=== What needs to be done ===
Set down, character for character, everything in the records below from the line holding "Elderly Touching Hand PowerPoint Template" down to the line holding "Chemnitz: Kunst kennt", and no other line.

=== Data provided ===
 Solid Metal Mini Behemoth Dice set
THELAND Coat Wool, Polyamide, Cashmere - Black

---

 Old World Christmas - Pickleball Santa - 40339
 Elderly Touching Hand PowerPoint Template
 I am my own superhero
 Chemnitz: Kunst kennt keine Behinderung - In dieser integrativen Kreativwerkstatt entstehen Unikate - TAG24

---

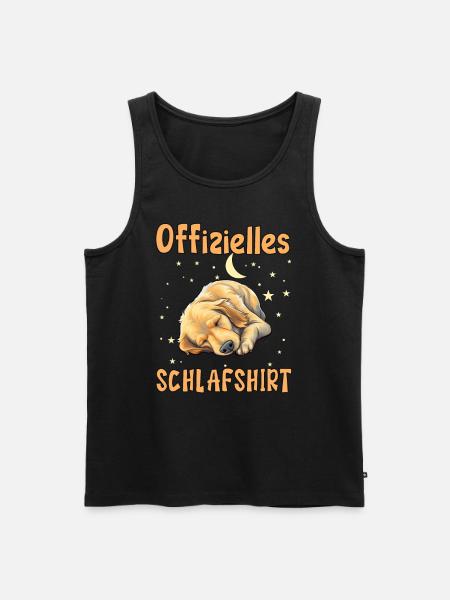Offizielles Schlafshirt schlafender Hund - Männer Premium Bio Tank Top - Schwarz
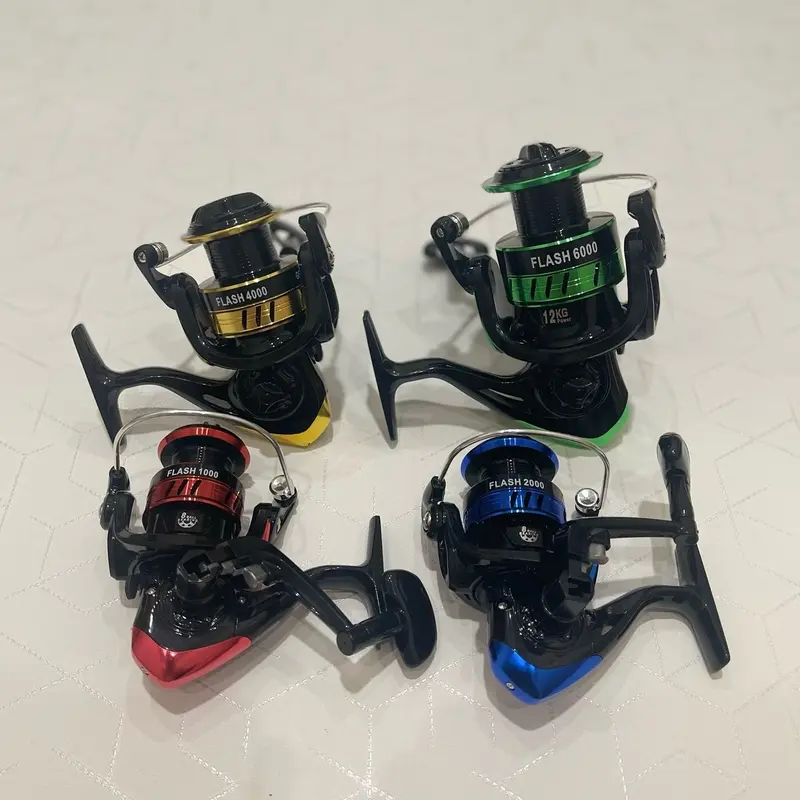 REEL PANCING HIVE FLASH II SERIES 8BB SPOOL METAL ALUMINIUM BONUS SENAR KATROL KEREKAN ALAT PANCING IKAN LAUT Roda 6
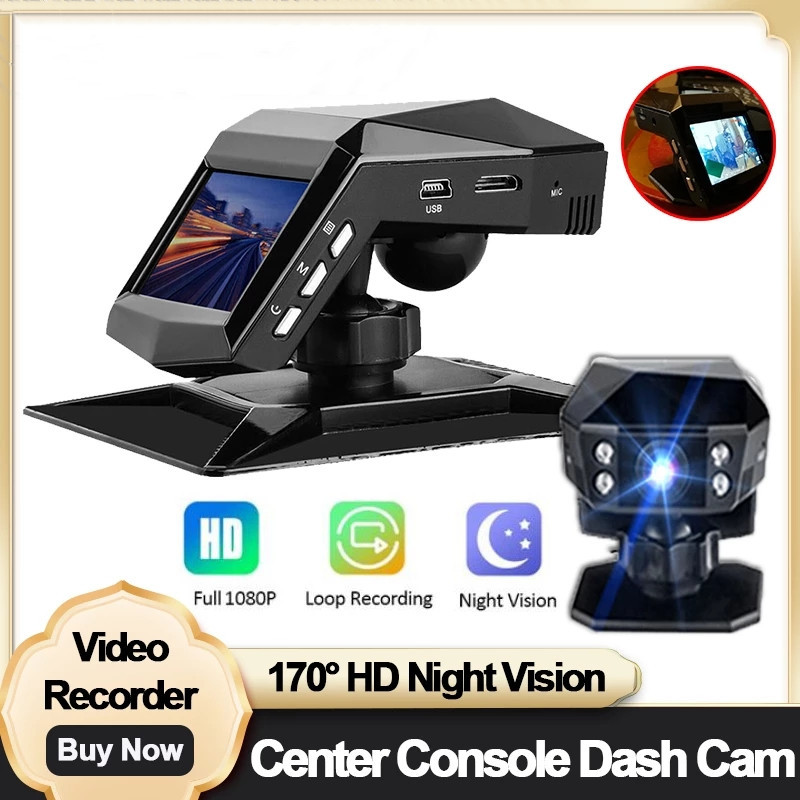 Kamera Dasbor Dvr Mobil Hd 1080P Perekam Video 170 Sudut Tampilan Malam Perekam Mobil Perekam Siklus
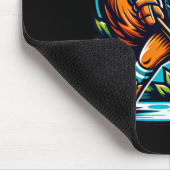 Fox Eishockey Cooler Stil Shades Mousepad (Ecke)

=== Your response ===
 Elderly Touching Hand PowerPoint Template
 I am my own superhero
 Chemnitz: Kunst kennt keine Behinderung - In dieser integrativen Kreativwerkstatt entstehen Unikate - TAG24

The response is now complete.